Linked Data Fragments (LDF) have emerged as a promising paradigm for addressing these challenges. They provide a distributed and scalable approach for publishing and serving Linked Data.

As part of the Share-VDE initiative, we developed a set of Web APIs that adopt Linked Data Fragments and provide the following benefits: real-time RDF generation and publication, on-demand ontology mapping, and multi-provenance management.

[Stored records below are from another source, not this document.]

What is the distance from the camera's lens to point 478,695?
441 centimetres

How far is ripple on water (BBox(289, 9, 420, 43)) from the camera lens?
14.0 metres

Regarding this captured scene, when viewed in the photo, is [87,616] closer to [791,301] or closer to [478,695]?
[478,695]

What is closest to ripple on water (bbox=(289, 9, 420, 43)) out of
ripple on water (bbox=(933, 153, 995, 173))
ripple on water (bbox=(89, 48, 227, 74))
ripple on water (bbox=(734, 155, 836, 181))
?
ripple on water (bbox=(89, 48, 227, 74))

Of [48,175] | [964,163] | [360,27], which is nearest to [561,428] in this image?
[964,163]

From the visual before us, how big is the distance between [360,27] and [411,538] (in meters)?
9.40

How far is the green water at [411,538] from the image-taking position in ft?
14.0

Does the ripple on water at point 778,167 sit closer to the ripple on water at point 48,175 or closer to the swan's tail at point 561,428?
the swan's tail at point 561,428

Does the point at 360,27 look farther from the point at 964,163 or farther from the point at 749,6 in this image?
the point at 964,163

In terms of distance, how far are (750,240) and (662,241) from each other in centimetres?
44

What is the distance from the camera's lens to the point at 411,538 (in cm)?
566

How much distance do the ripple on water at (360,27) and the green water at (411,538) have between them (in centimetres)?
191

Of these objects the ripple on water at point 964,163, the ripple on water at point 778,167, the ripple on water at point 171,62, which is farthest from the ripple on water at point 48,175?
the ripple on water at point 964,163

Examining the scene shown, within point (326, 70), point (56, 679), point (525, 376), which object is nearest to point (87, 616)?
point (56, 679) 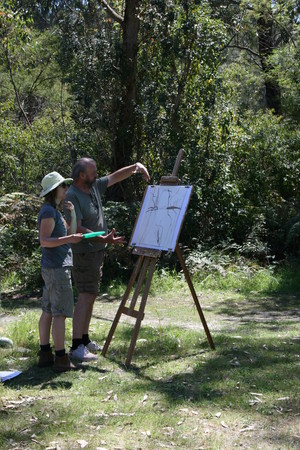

We aim to showcase our implementation efforts in enabling real-time, multi-provenance, and multi-mapping RDF publication by introducing an RDF API layer built upon the innovative concept of Linked Data Fragments.

Andrea Gazzarini

SpazioCodice SRL
ORCID

WebPage

Twitter

LinkedIn
Andrea has over 20 years of experience in various software engineering areas, from telecommunications to banking. He has worked for several medium- and large-scale companies, such as IBM and Orga Systems.
Andrea has several certifications in the Java programming language (programmer, developer, web component developer, business component developer, and JEE architect), BEA products (build and portal solutions), and Apache Solr (Lucid Apache Solr/Lucene Certified Developer).

In 2009, Andrea entered the wonderful world of open-source projects and became a committer for the Apache Qpid project.
His adventure with the search domain began in 2010 when he met Apache Solr and, later, Elasticsearch… and it was love at first sight. Since then, he has been a search engineer in many projects in different fields (bibliographic, e-government, e-commerce, geospatial).
In 2015 he wrote “Apache Solr Essentials”, published by Packt Publishing.
In 2018 he founded his company, SpazioCodice.
Since 2020 he has been the tech lead of the Share-VDE initiative, a library-driven initiative that brings together the bibliographic catalogs and authority files of a community of libraries in a shared discovery environment based on Linked Data.

Metadata Enrichment with Named Entity Recognition using GPT-4

Authors: Ashwin Nair, Ee Min Hoon, Robin Dresel

To enhance the user experience and resource discoverability of Infopedia, the Singapore encyclopedia, the National Library Board of Singapore (NLB) uses Generative Pre-trained Transformer 4 (GPT-4) for Named Entity Recognition (NER), aiming to automate metadata enrichment of its digital encyclopedia articles. This initiative leverages GPT-4's capabilities in accurately identifying and incorporating relevant Singaporean entities before integrating them into the NLB's Knowledge Graph, improving recommendations of related resources. An evaluation on a subset of 100 articles demonstrates a precision score of 0.975, indicating high entity detection with minimal inaccuracies. The team acknowledges challenges related to GPT-4’s black-box nature and the potential for non-reproducibility. This effort illustrates the potential of generative AI to streamline metadata enrichment processes, offering a promising avenue for enhancing metadata of digital libraries.

Ashwin Nair

National Library Board
ORCID

LinkedIn
Ashwin Nair is a Manager/Librarian (Systems) at the National Library Board in Singapore, with a strong background in AI, machine learning, and data science. He holds a Bachelor's degree in Information & Communication Technology and has experience in leveraging advanced technologies like GPT-4, graph neural networks, and SPARQL for various library and information management projects. Ashwin has also worked as a Research Assistant in scientometrics at Nanyang Technological University, where he developed predictive models for enhancing interdisciplinary collaborations. His skills span across programming, data analysis, and machine learning, with a particular focus on natural language processing and network science to solve real-world optimization problems.